L’utilisation des réseaux sociaux devient aujourd’hui de plus en plus usuelle. Elle est devenue un phénomène en vogue de nos jours et le nombre d’utilisateurs ne fait qu’augmenter.

 Au Niger, selon les statistiques du rapport 2019 de l’Autorité de Régularisation des Communications Electroniques et de la Poste (ARCEP), le parc d’abonnés essentiellement mobiles est de 11 418 301 contre 10.367.535 abonnés en 2018 soit une croissance de 11.7%. En ce qui concerne la pénétration globale des services de téléphonie, pour l’année 2019, on enregistre un taux de 52,90% contre 47,92% en 2018 soit une progression de 5%, alors que le taux global de pénétration des services Internet (fixe et mobile) s’établit à 24,53%.

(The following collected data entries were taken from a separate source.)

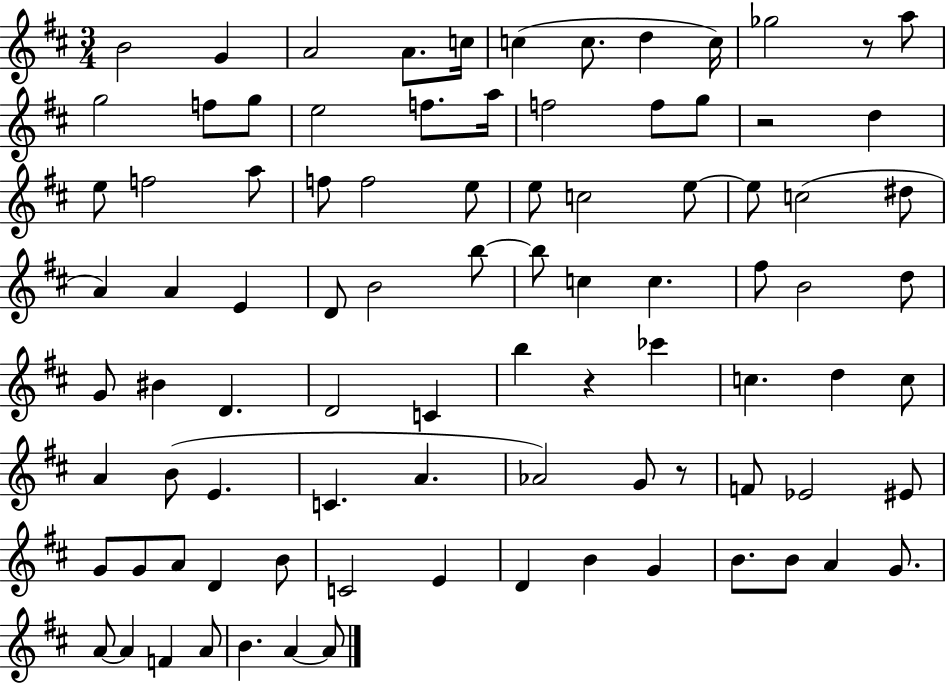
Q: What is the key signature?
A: D major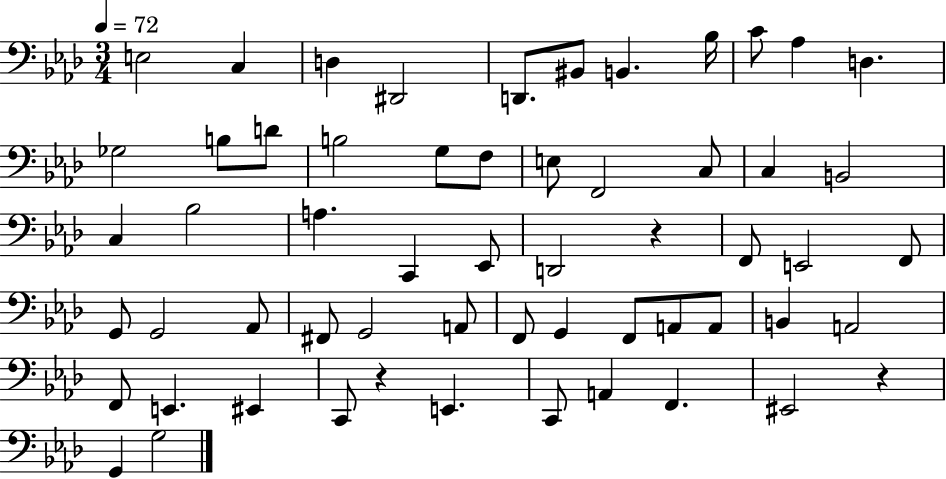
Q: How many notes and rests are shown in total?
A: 58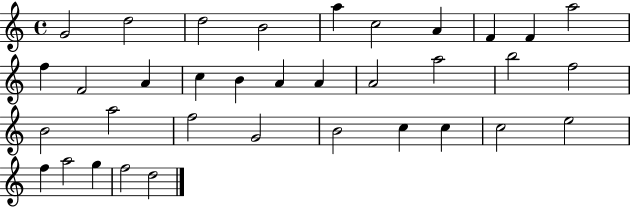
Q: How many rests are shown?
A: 0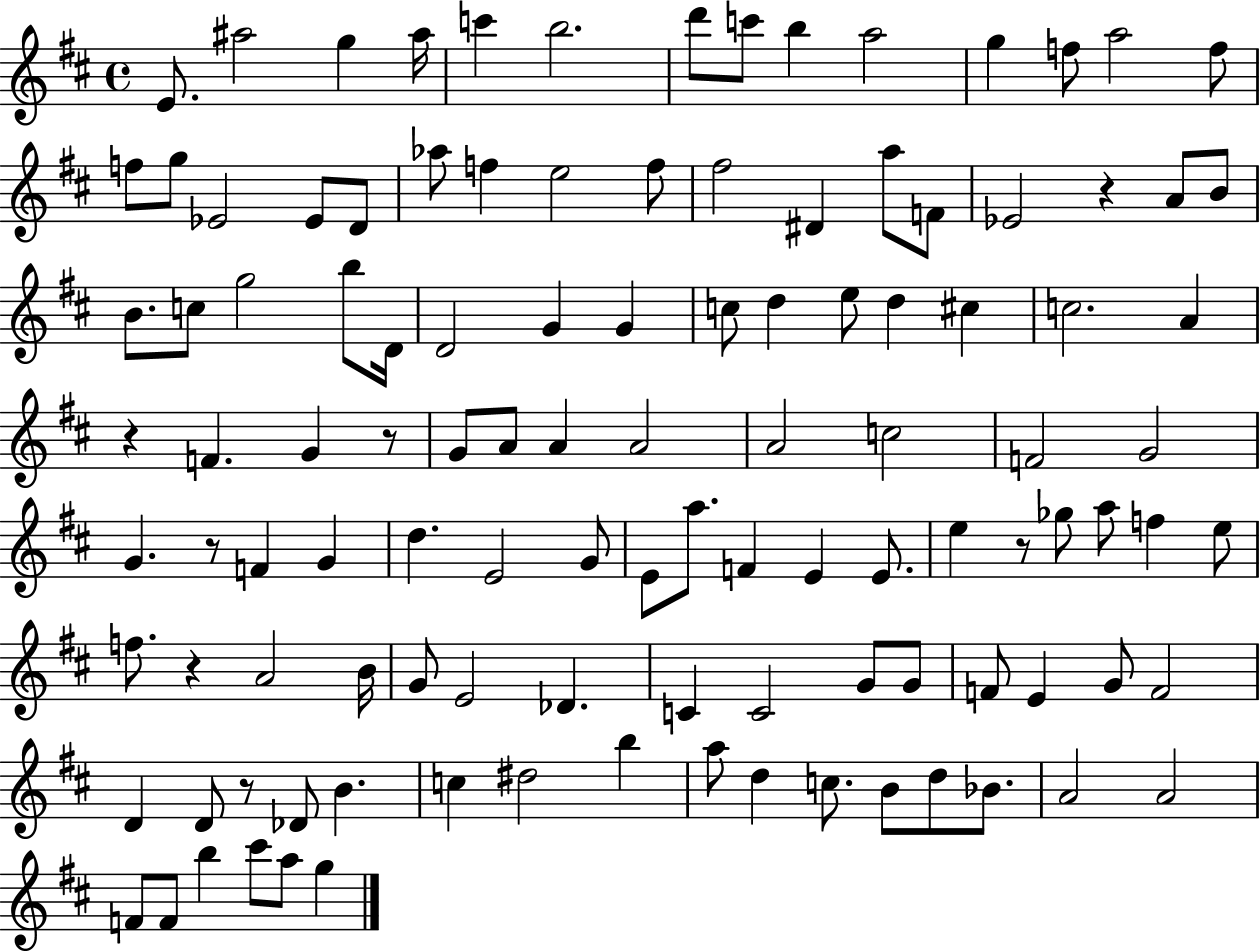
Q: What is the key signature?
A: D major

Les adultes mais aussi les adolescents s’inscrivent et utilisent les réseaux sociaux de manière fréquente. Internet et les médias sociaux offrent de nombreuses opportunités de communication, d’apprentissage et d’accès à des informations diverses. Il existe des espaces comme Edmodo ou Google Classroom, conçus pour l’éducation, au profit des élèves, étudiants et leurs enseignants. Mais, l’utilisation d’internet comporte aussi des risques d’addiction (passer trop de temps à l’écran), de cyber harcèlement, de se faire escroquer, voire de protection de sa vie privée pour ne citer que ceux-là.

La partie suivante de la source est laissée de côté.